Lewis Enos, of no fixed abode, was sentenced to 14 days’ imprisonment at Newport Magistrates’ Court after admitting a string of breaches, including failing to maintain contact with the probation service, missing required appointments, not living at an approved address, and failing to seek permission before staying elsewhere overnight. He was also ordered to pay £60 in costs.
The original offences
Enos had been released after serving a 51-week sentence imposed at Cardiff Crown Court last March for three counts of assaulting an emergency worker.
The court heard that during the early hours of Wednesday, October 23, 2024, officers searching for Enos confronted him on Chepstow Road in Newport at around 1.40am.
The confrontation
Prosecutor Bethan Evans described how Enos pointed a black object towards two officers, shouting: “I’ll shoot you!”
“The officers saw that the defendant had an object in his hand which was black and at the time the officers believed that black object was a firearm,” she told the court.
“The two officers then withdrew to their police vehicle.”
Moments later, two more officers approached in a separate vehicle. Enos ran alongside it with his hands raised and shouted: “I’ll f****** shoot you!”

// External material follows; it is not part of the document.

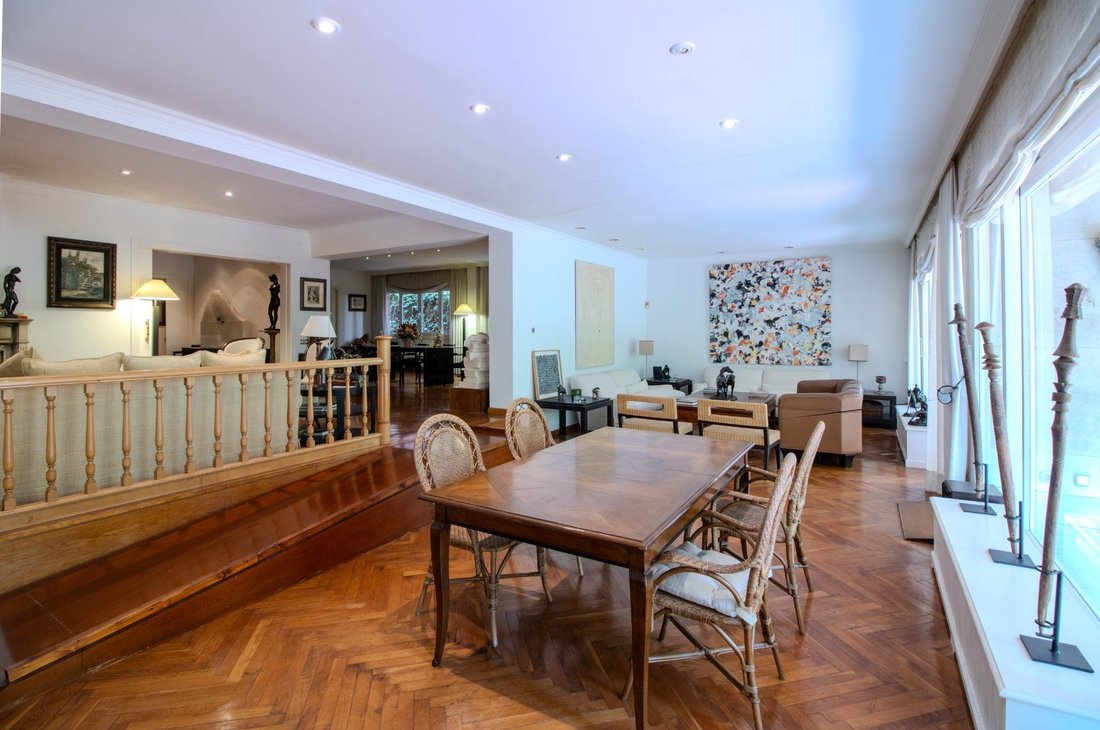 Apartment in Sarrià-Sant Gervasi, Barcelona, Spain 5 - 18302137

“They also believed he had a firearm,” Miss Evans added. “Assistance was then sought from firearms officers and the defendant was apprehended a short while later and arrested.”
Not a firearm
When Enos was taken into custody, officers discovered the object he had been carrying was in fact a wooden item of some kind concealed inside a plastic bag.
Background
The court heard Enos, formerly of Coulson Close, Newport, had a previous conviction for assaulting an emergency worker two years earlier after kicking a police officer in the leg following a collision with a telegraph post.

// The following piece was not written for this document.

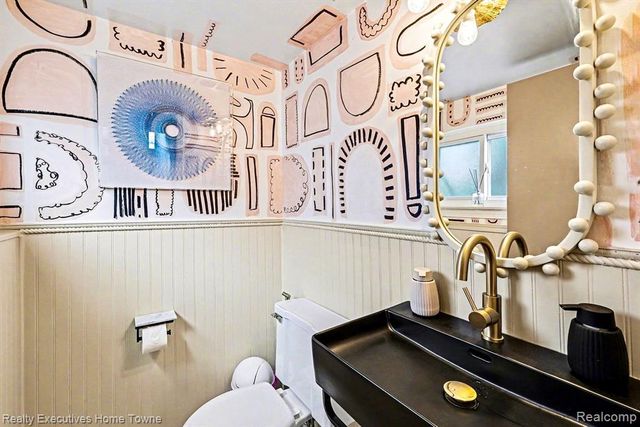 27471 Norma Drive, Warren, MI 48093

His barrister, Matthew Comer, told the court that Enos runs his own grave cleaning business called Grave Concerns, and that his difficulties with the law stem from alcohol and cocaine misuse.
Sentencing ⚖️
Judge Paul Hobson said: “You pointed at them and threatened to shoot them, plainly intending them to believe that you had a firearm.
“It is in my view, a particularly serious example of assaulting an emergency worker.

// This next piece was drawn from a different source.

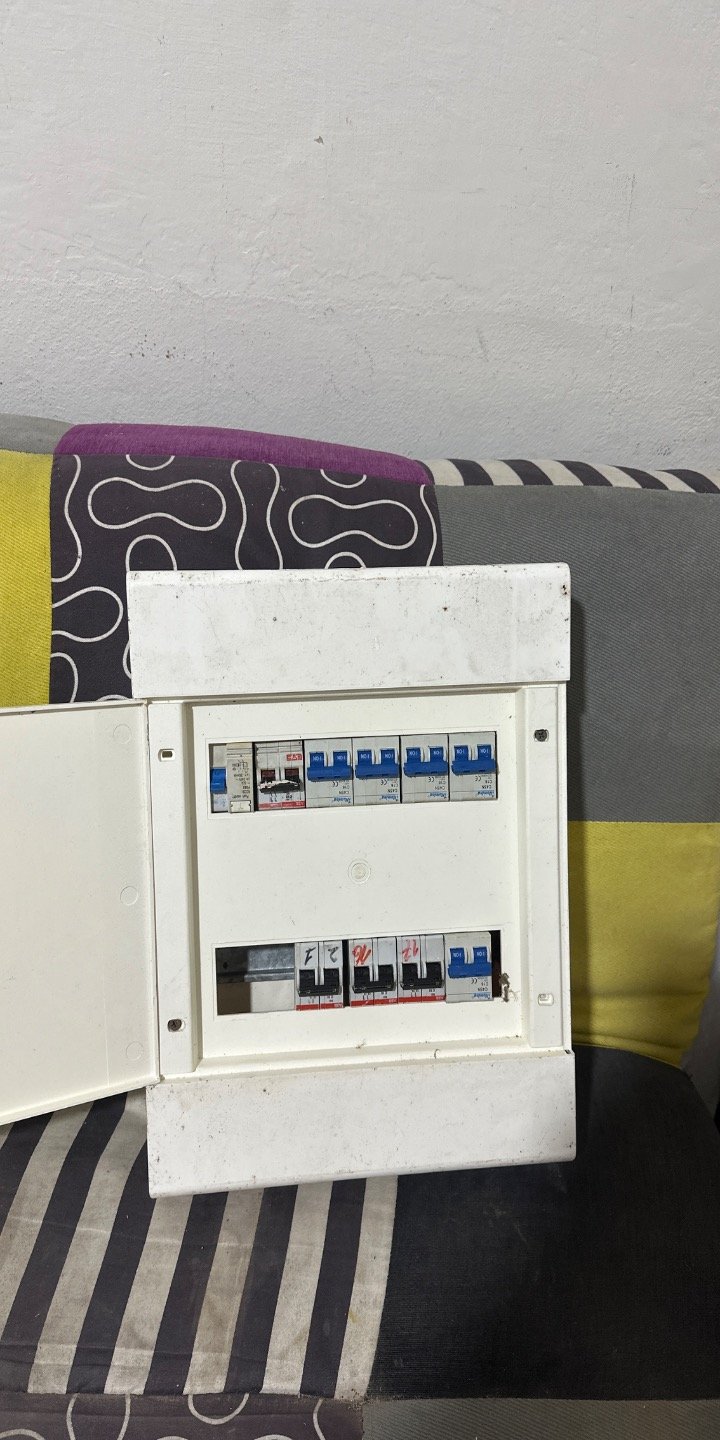 Caja de Luz Eléctrica con Disyuntores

“Police officers live day-by-day with the knowledge that they might be confronted by someone using a dangerous weapon.
“Deliberately making and intending to make an officer believe you’re armed in this way runs the risk of escalating things into a very dangerous situation as well as causing great fear and concern to the officers.
“One of them said that he felt his life in that moment was under threat.”